Because discovery efforts generate more candidates (100s–1000s) than there are available resources for follow up, an ill-defined prioritization step ensues. Often, candidates that show the most significant differences between cases and controls in discovery datasets are prioritized, without any information as to whether these may be the most useful analytes for clinical decision making. For example, many such candidates are a part of a generalized inflammatory response, and as individual clinical markers these are of very little diagnostic use due to their lack of specificity .
Proteins discovered in diseased tissues and predicted to be secreted or on the cell surface (based on the presence of a signal sequence, or N-linked glycosylation site) are often given priority based on the assumption that they might have greater access to plasma . A better understanding of the biology of plasma biomarkers would help us develop meaningful criteria for prioritizing candidates. For example, what are the predominant modes by which cellular proteins from diseased tissues access the plasma? Should we be focused on proteins predicted to be secreted, based on the abundance of secreted proteins amongst the known plasma proteome , or does this rule not apply for proteins not in plasma by design, but rather leaked or shed from diseased tissue? Alternatively, an additional targeted proteomics step such as dynamic inclusion [30, 31] or multiple reaction monitoring (MRM) MS  can be used as an empirical prioritization step to test selected biomarker candidates to determine if they can be detected in plasma.
Other times prioritization is done based on a biological hypothesis. For example, proteins acting in cellular pathways known or hypothesized to be deregulated in the diseased state are targeted for testing. Although there are examples of success using this approach , our biological knowledge base is far too incomplete to rely entirely on this method for prioritizing candidates. In this sense it will likely be of use to use gene expression and protein interaction network analyses based on genomics data to refine candidate lists [34, 35] by selecting candidates from neighborhoods of interest within the network.
To improve our success rate of moving candidate biomarkers successfully into clinical use, we must accommodate the harsh reality described above wherein even if our discovery efforts are honed to perfection, many candidates (perhaps the majority) will still not meet the high bar of clinical validation. In other words, despite our best efforts, it is highly likely that the majority of protein biomarker candidates will ultimately fail as useful clinical biomarkers. Hence, to succeed, we must develop a staged pipeline that incorporates a verification step that allows us to test (in pilot studies) the maximal number of candidates with highest possible throughput and lowest possible cost to ensure even a few successes .
Verification has a singular goal: to determine if there is sufficient evidence for potential clinical utility of a given candidate plasma biomarker to warrant further investment in that candidate for clinical validation studies. Because of the high cost (in terms of time, money, and consumption of clinical samples) of follow-up clinical validation studies, these “pilot” verification data are essential for credentialing a candidate to be moved forward.
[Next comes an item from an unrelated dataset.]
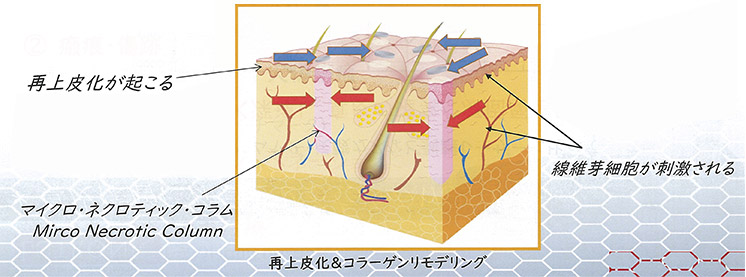 フラクショナル治療イメージ図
In the current pipeline, the same assays are used for verification and clinical validation of biomarkers. In an ideal world this is advantageous since measurement of biomarkers can vary across different assays. One current assay often employed is the ELISA, which is understandable since a well-functioning ELISA can be relatively high throughput and has extraordinary sensitivity for quantifying the target analyte. Unfortunately, ELISA development is costly ($100 000–$2 million per biomarker candidate) and associated with a long development lead time (>1 year) and a high failure rate [37, 38], making it impractical to develop an ELISA for all putative biomarkers. As a result, even in the best-funded efforts, only a few percent of total candidate biomarkers for any given disease are actually tested (Fig. 1), not surprisingly leading to a high failure rate and an abysmal return on investment. Even if the immunoassay is to remain the gold standard for ultimate clinical application of validated biomarkers, we desperately need affordable bridging technologies to facilitate testing of a large number of potential candidates  if we are to identify the few that are likely to be of clinical use. To succeed, we must aim to increase our capacity in the verification stage by a 100-fold or more (Fig. 1).
The remainder of this article will focus on: (i) an exploration of the technological capabilities required for efficient verification of large numbers of candidates, (ii) a discussion of how current and emerging proteomic technologies measure up to these requirements, and (iii) a proposal for a staged approach to credentialing biomarkers in the most cost-effective manner.
Let’s assume that a rigorously determined list of 1000 candidate plasma protein biomarkers for detecting prostate cancer has been produced, and that the discovery process was well orchestrated using a study design that avoided bias, used well-characterized technologies with low FDRs, and that information on the likelihood of clinical relevance was also included in the prioritization or discovery of these candidates (e.g., markers were generated that correlate with clinical outcome). We lack sufficient resources to build ELISAs for all of these 1000 candidates, yet we would like to perform verification studies for as many of the candidates as possible to maximize our chances to find the subset of the most clinically promising candidates for validation studies. So we desperately need a novel experimental approach, and potentially a new assay method, to measure 1000 candidates to accommodate our conundrum.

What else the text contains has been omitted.